I started baking bread once or twice a month about two years ago but I’ve yet to make my own starter (necessary for sourdough) and until today had yet to make a serious attempt at recreating the brick oven environment needed for truly great bread. Believe me, fresh bread is always great, but I was always a little disappointed with how quickly the crispness of the crust disappeared as the loaves cooled. I still liked baking my own bread, but there was something missing in the end product.
Today I tried to overcome the crust problem. The secret to a thicker and crustier crust is steam; in the past, I’d tried tossing a few ice cubes on the floor of my oven but evidently that didn’t work. I was also trying out a new recipe for ciabatta (from the excellent Wild Yeast blog) and I was determined to get the crust right, so while the loaves were proofing for the final time, I went out in search of lava rock and a baking stone. First stop, Bed Bath & Beyond two blocks from my house. No baking stone, even though they advertise one on their website. Second stop, the local nursery – no lava rock. Third stop, the local Orchard Supply Hardware. They carry lava rock but unfortunately were out of stock. Fourth stop, the Home Depot a couple towns over – 20 lb bag of lava rock, check. Fifth stop, the Crate & Barrel on the other side of town – only a small baking stone, not the larger size I needed. Sixth stop, Williams Sonoma in the high end mall next door to the Crate & Barrel. Expensive baking stone, check. Two and a half hours later, I hurry home to get the oven going.

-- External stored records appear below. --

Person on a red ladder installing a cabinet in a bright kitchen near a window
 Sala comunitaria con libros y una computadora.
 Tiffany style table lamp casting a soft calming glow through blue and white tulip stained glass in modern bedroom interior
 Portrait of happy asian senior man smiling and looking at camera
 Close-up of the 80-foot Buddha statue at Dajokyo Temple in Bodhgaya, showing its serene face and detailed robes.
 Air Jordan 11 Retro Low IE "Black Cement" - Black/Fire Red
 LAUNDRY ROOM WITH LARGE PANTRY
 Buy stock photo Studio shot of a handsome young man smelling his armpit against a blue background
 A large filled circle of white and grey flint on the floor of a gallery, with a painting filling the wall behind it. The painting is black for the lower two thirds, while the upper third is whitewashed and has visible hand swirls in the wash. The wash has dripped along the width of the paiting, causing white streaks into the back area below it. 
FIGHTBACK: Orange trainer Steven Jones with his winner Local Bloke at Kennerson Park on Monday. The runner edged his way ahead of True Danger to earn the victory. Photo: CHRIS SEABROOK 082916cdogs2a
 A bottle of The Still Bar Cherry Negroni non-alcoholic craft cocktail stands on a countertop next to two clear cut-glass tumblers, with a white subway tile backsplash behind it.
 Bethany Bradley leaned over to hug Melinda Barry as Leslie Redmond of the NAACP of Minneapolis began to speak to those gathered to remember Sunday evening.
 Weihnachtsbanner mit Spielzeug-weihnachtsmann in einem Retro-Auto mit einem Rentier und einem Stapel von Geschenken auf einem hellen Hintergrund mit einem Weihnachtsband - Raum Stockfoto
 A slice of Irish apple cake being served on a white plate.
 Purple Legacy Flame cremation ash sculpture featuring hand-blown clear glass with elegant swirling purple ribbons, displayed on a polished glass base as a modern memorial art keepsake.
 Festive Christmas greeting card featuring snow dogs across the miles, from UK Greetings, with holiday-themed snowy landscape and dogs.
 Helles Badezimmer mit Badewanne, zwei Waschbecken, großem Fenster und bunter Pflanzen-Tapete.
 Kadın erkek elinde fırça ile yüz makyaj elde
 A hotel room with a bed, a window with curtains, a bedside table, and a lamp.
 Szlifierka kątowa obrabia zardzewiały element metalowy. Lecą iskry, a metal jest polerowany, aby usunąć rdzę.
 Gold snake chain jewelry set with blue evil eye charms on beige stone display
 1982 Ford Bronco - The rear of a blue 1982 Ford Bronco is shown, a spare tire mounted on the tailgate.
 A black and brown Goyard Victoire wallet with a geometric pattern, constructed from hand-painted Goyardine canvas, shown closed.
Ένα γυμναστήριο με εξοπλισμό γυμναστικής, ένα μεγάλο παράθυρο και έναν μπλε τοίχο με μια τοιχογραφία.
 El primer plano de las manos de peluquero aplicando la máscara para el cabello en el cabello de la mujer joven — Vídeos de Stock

This is where the disaster happened. You hear this warning all the time, but for some of us common sense takes inconvenient sabbaticals. You see, I put the lava rocks in a Pyrex baking dish and put this on the floor of the oven. 475 degrees later, I slid the loaves in, and poured a cup of hot water in the dish.
Duh. Glass doesn’t like temperature changes. And no matter how hot the water is from the tap, it’s not going to be 475 degrees. So now I had glass and lava rock all over the floor of the oven and I sure wasn’t thinking about steam anymore! (Luckily, the glass was all contained in the oven and none of it flew out when it broke.) So we scooped most of the lava rock into a metal pan and set the pan on top of the shards, poured some more water over the rocks, and hoped for the best.
After all that, the ciabatta seems to be fine. I’m mad at myself for sacrificing a dish and making a mess but the crust is definitely crustier and I’ve definitely learned a lesson. And now that I’ve seen what steam can do, there won’t be any going back.
Anyone need 18 lbs of lava rock?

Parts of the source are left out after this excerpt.